#### [EXERCISE DESCRIPTION]
Please copy exactly the line that contains "Talbots Drama Women's" and every line after it through the end of the records, leaving the pictures out.
──────── PROVIDED DATA
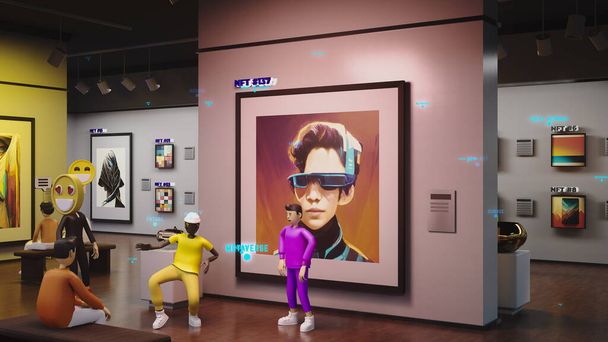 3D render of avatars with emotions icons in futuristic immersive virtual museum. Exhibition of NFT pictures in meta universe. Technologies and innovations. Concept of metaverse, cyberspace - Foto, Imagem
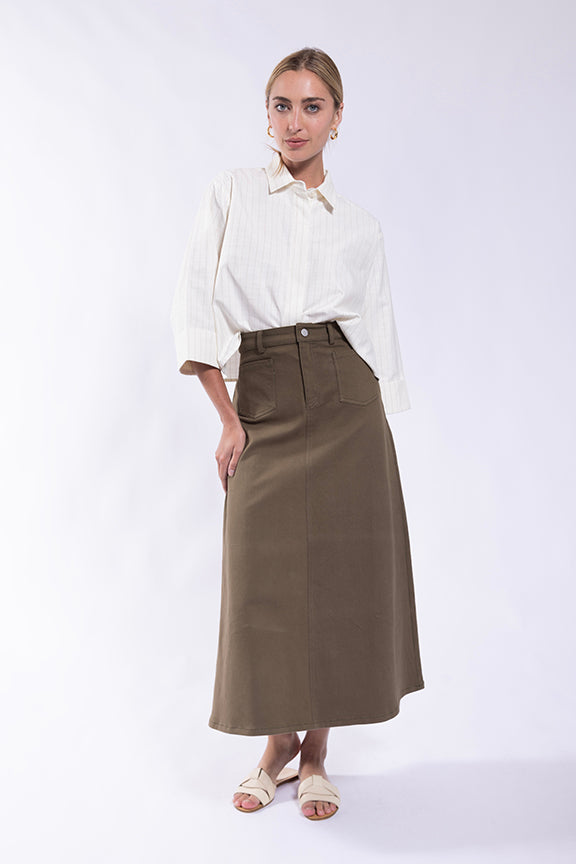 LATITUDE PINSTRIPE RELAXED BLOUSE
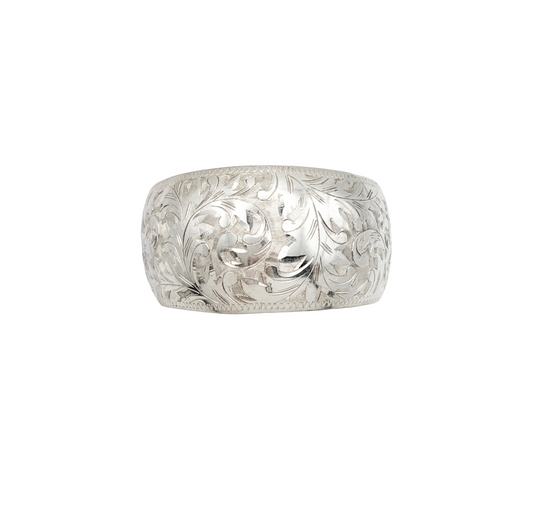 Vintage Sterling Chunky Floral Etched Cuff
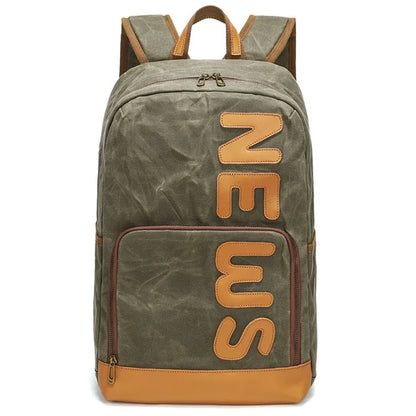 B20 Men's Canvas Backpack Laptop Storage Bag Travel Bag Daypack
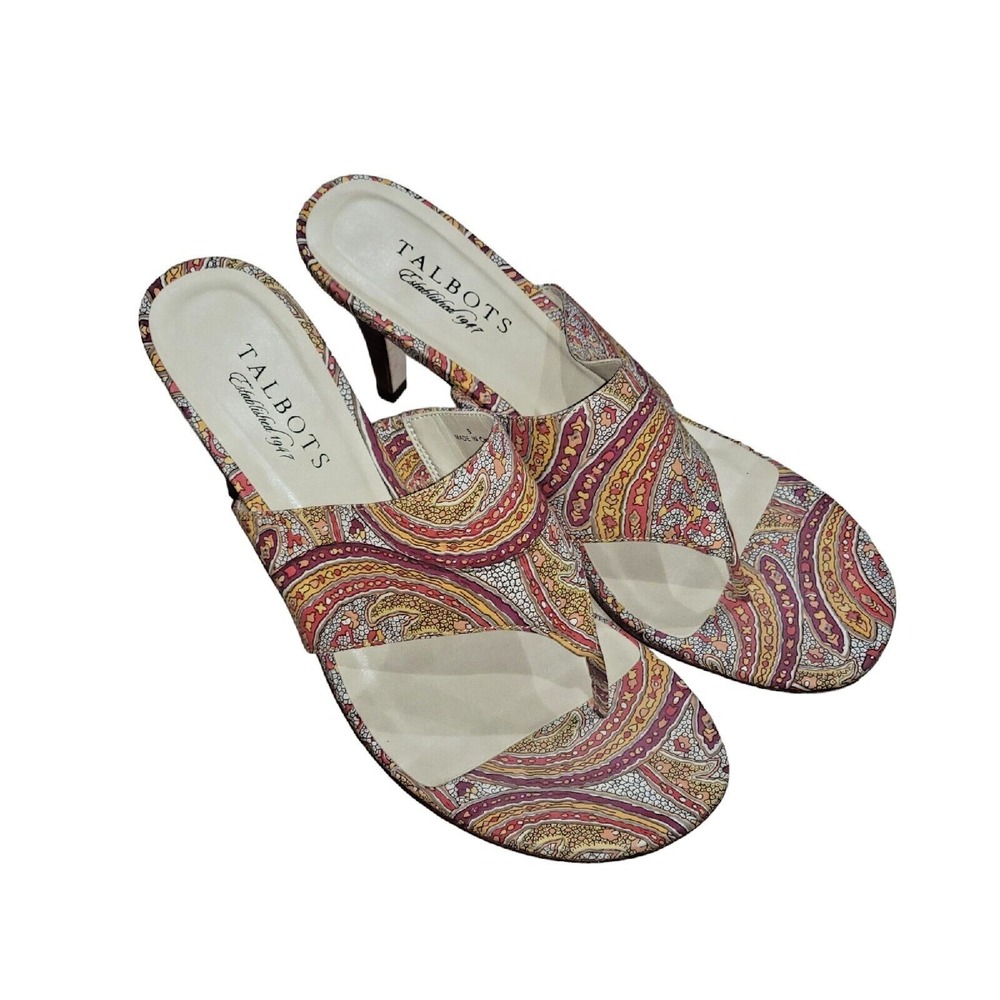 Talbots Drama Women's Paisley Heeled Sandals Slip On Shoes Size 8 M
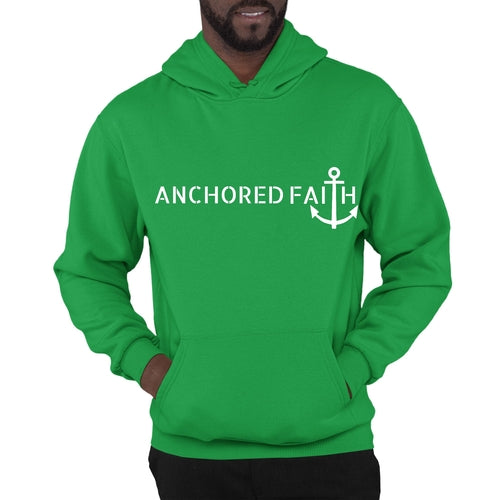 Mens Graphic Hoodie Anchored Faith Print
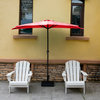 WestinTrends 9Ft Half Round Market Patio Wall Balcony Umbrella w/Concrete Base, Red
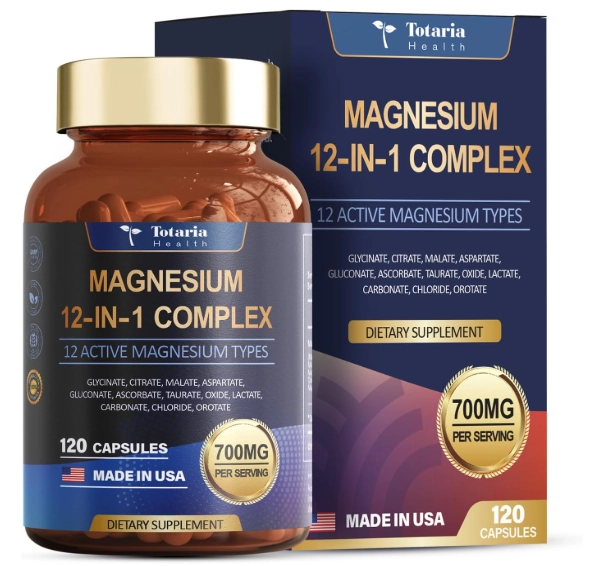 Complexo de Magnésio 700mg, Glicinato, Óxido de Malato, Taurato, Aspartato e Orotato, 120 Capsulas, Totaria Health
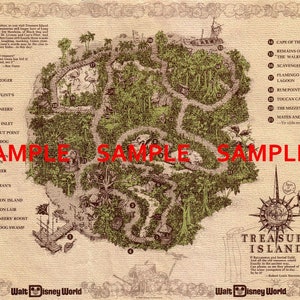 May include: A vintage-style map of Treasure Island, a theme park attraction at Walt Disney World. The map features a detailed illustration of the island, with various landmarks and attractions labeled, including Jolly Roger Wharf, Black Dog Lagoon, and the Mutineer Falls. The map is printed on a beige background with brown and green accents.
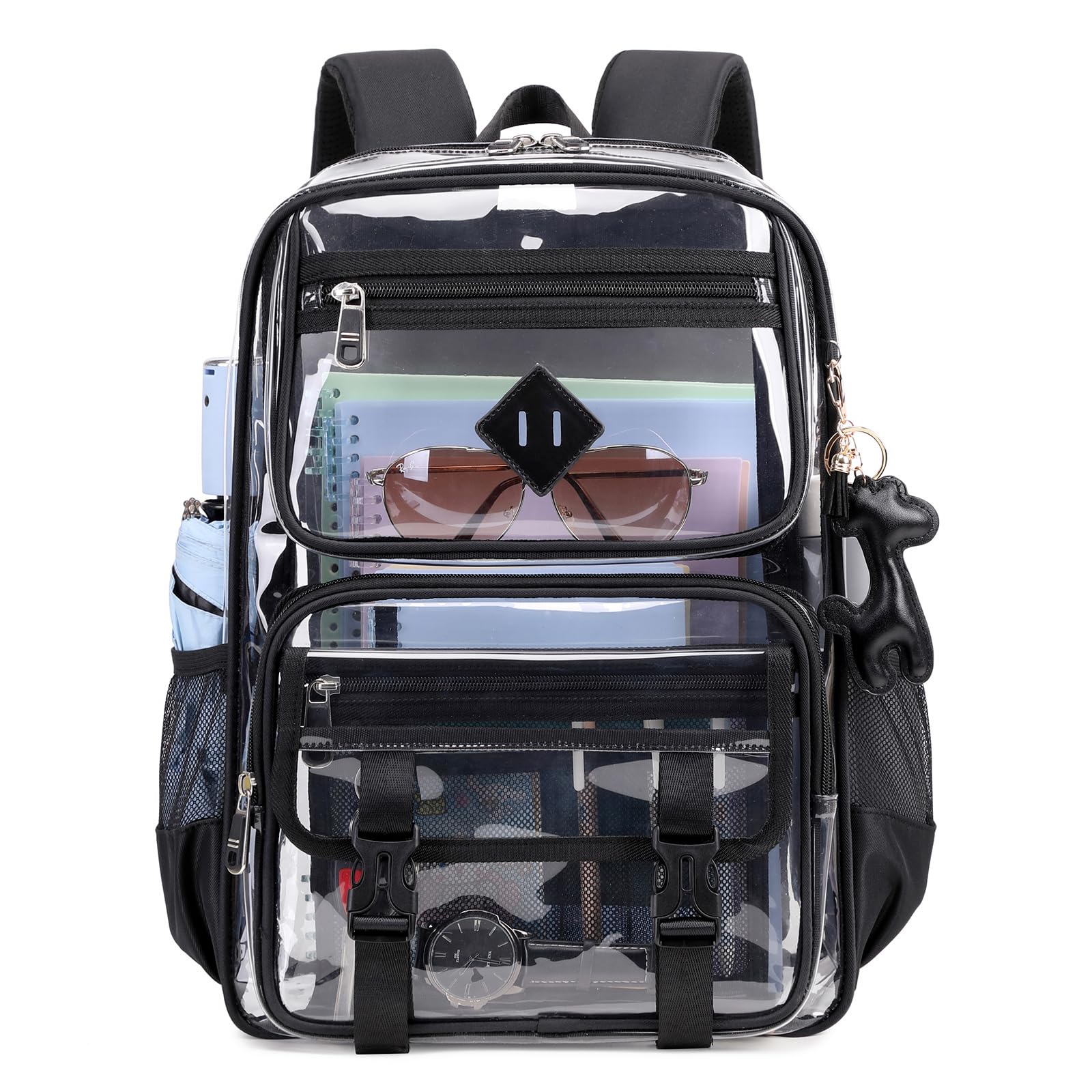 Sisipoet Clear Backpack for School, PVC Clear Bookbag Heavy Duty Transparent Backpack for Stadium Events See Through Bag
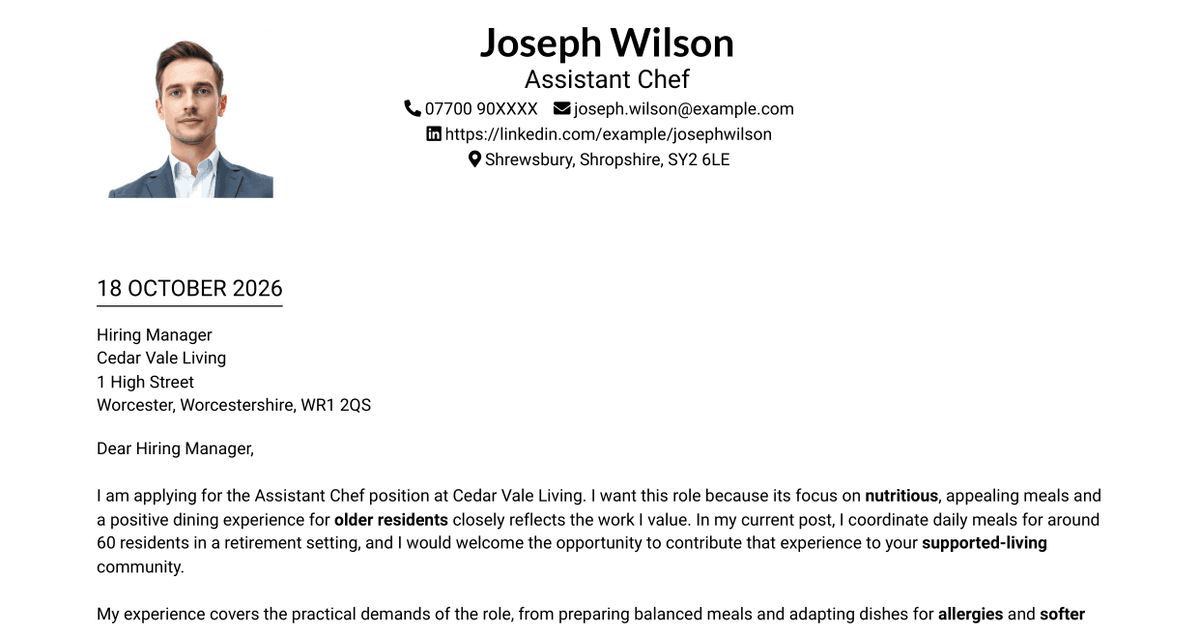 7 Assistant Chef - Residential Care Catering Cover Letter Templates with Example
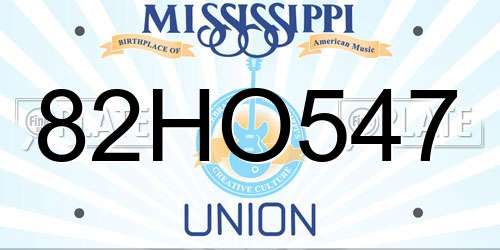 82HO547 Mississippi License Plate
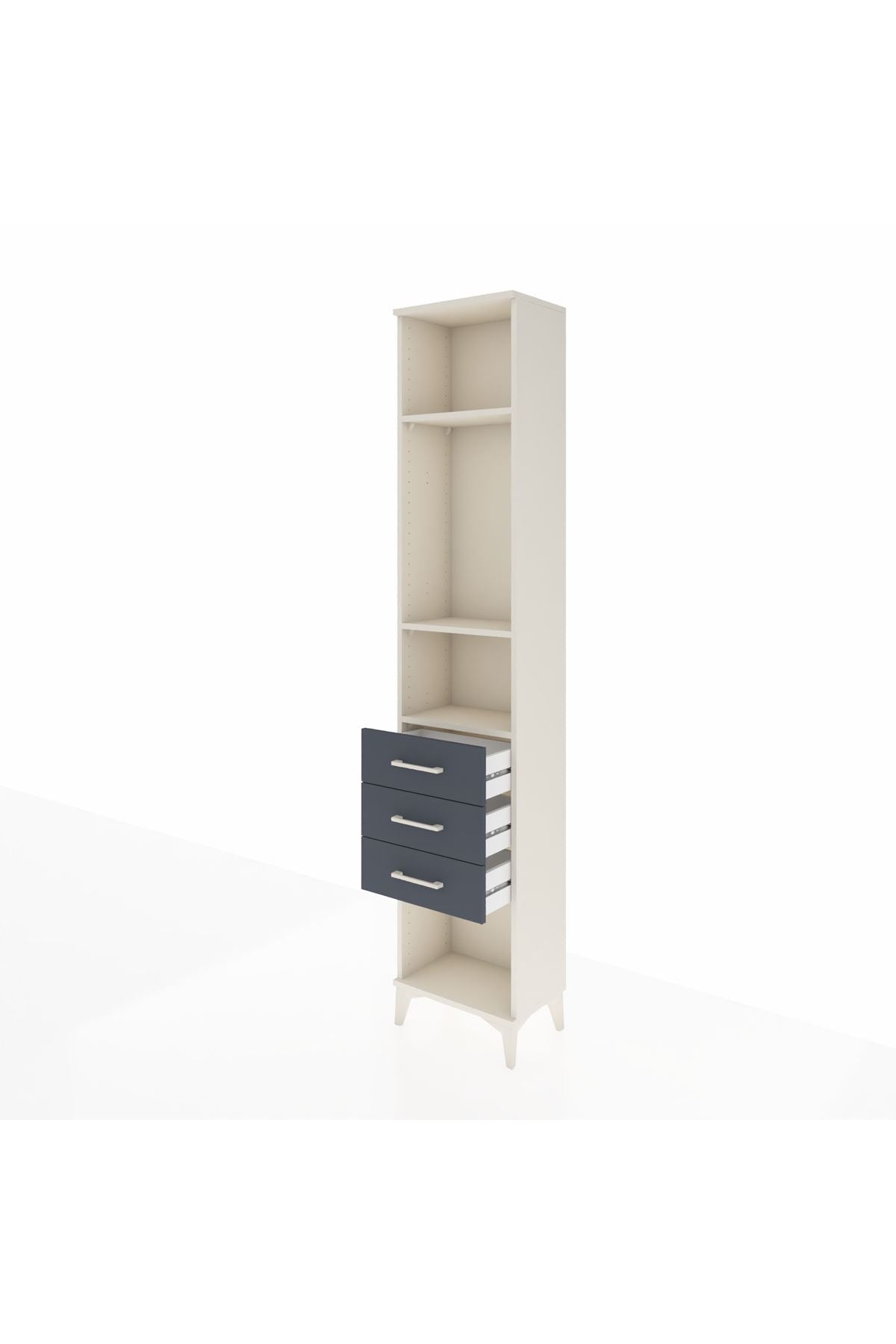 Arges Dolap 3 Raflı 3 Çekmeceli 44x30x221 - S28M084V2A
────────────────
#### [TASK ANSWER]
 Talbots Drama Women's Paisley Heeled Sandals Slip On Shoes Size 8 M
 Mens Graphic Hoodie Anchored Faith Print
 WestinTrends 9Ft Half Round Market Patio Wall Balcony Umbrella w/Concrete Base, Red
 Complexo de Magnésio 700mg, Glicinato, Óxido de Malato, Taurato, Aspartato e Orotato, 120 Capsulas, Totaria Health
 May include: A vintage-style map of Treasure Island, a theme park attraction at Walt Disney World. The map features a detailed illustration of the island, with various landmarks and attractions labeled, including Jolly Roger Wharf, Black Dog Lagoon, and the Mutineer Falls. The map is printed on a beige background with brown and green accents.
 Sisipoet Clear Backpack for School, PVC Clear Bookbag Heavy Duty Transparent Backpack for Stadium Events See Through Bag
 7 Assistant Chef - Residential Care Catering Cover Letter Templates with Example
 82HO547 Mississippi License Plate
 Arges Dolap 3 Raflı 3 Çekmeceli 44x30x221 - S28M084V2A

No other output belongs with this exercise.